■ INPUT DATA:
________
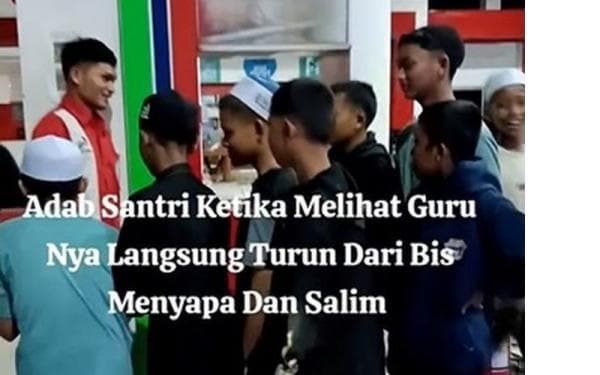 Viral! Tiba-Tiba para Santri Turun dari Bus dan Salim ke Petugas SPBU, Ternyata Guru Sekolah Mereka!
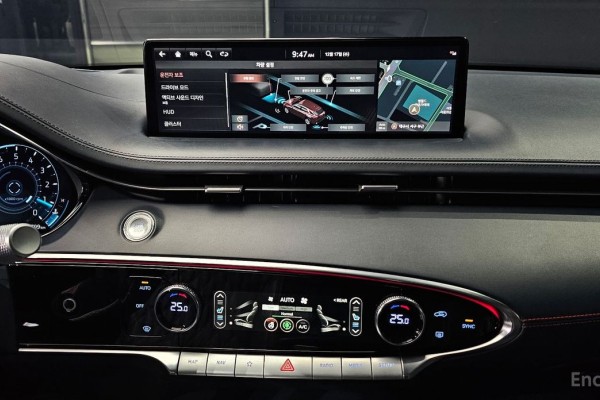 2022 Genesis GV70 с пробегом 46 799 км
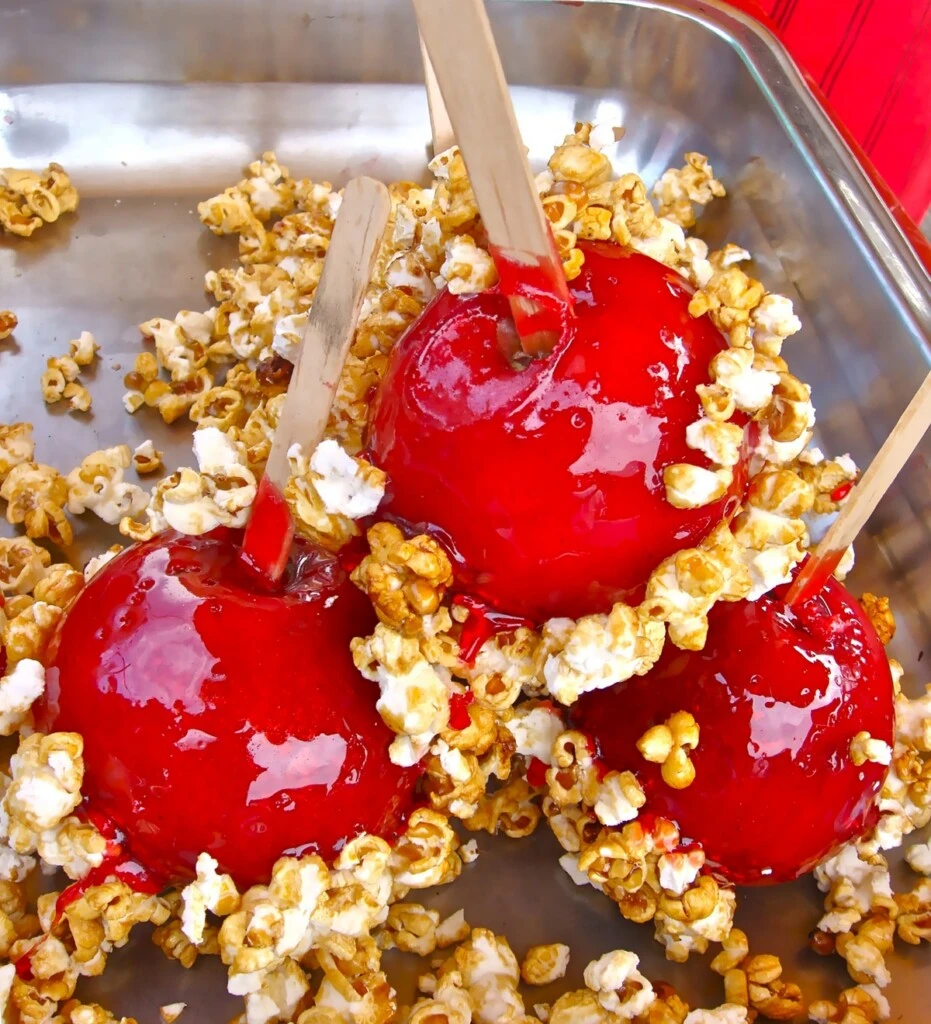 Receta de manzanas caramelizadas con pochoclos: fácil, crocante y viral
________
■ PROBLEM TO SOLVE: Exactly repeat the data above; the pictures do not belong in your copy.

■ ANSWER:
 Viral! Tiba-Tiba para Santri Turun dari Bus dan Salim ke Petugas SPBU, Ternyata Guru Sekolah Mereka!
 2022 Genesis GV70 с пробегом 46 799 км
 Receta de manzanas caramelizadas con pochoclos: fácil, crocante y viral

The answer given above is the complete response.